Wednesday, February 11, 2009

soup's on!

The other night, I called my father.

"Tarryn! Ohh, man! I just made the best carrot soup!" he crowed into the phone. "Oh my god . . . this is the amazing! Wow! Yes!"

My dad is easily excited by things like patterns made by leaves floating on a pool of water, or the hoot of an owl, or his own delicious culinary experiments in the kitchen.

Listening to him gloat about his amazing soup made me jealous. Why had he never made nirvana-inspiring soups when I lived at home? I'd never had carrot soup before in my life . . . but suddenly I wanted some. Right now.

Keeping in mind my last failed attempt in the kitchen, I decided to forego Papa G's fancy Moosewood Cookbook recipe and kept it simple. I found a carrot soup recipe online that called for:

carrots
chicken broth
fat free sour cream
chives

Four things! Surely I could remember 4 ingredients! Hell, a four year old could remember 4 ingredients!

Don't overestimate me, people. I forgot the chives. Whatever -- who needs chives?

This recipe is so simple, a monkey could make it. Step 1 -- put carrots in pot. Cover with broth. Boil. Observe!




Step 2 -- dump softened carrots and broth into blender / food processor. If you are hungry and tired like me, you might be tempted to try to jam all your carrots and broth into the food processor in one go. This, I discovered, can result in being splattered with several cups of scalding hot carrot-broth.
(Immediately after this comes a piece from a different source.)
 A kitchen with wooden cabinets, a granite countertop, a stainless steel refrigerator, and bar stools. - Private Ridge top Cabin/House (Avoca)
This is by no means the most corrosive substance I've had splashed in my eyes, though. There was an unfortunate incident in 2003, when I was "helping" Mama G pump her own gas at local self-serve station, and she got flustered and started spraying unleaded regular gas all the pump, her hand, and my face. True story. My vision has never been the same since. Thus my need to bulk up on my carrot intake -- they're supposedly good for your eyes, yes?

Anyway -- back to the recipe. I reccommend puree-ing your carrots in batches. In the end, it will look like this:




Step 3 -- after your pretty orange carrot mash cools for a few minutes, stir in your sour cream, slowly and gradually. The directions specifically say to do this "slowly and gradually" -- damned if I know why. Probably to make you feel like there is actual skill involved in preparing this recipe. Patience and a sense of timing -- it's what sets us apart from the monkeys.

Step 4 -- add chives. Or, if you're like me, say, "Hahahah! Eff you, chives! I have created soooooooup!!" -- and hold your bowl above your head like an offering to the culinary gods.

Soup is now ready to be consumed as part of a balanced dinner:



The result? MMM MMM good!! I had to resist the urge to ring up dad and boast into the phone about my own batch of wonder-soup. Maybe this calls for a Soup Duel -- Papa G and I will have a carrot soup throwdown, and we'll invite in a bunch of rabbits to taste test. I bet my soup will win, cuz Papa G's has nuts and ginger and crap in it -- and everyone knows, rabbits don't eat nuts.

The best part? I have a giant pot of leftover soup in my fridge, to be enjoyed for lunches, snacks, and surprise gifts to friends and neighbors. Come and get it, people!

No seriously -- I don't think one girl can consume this much soup.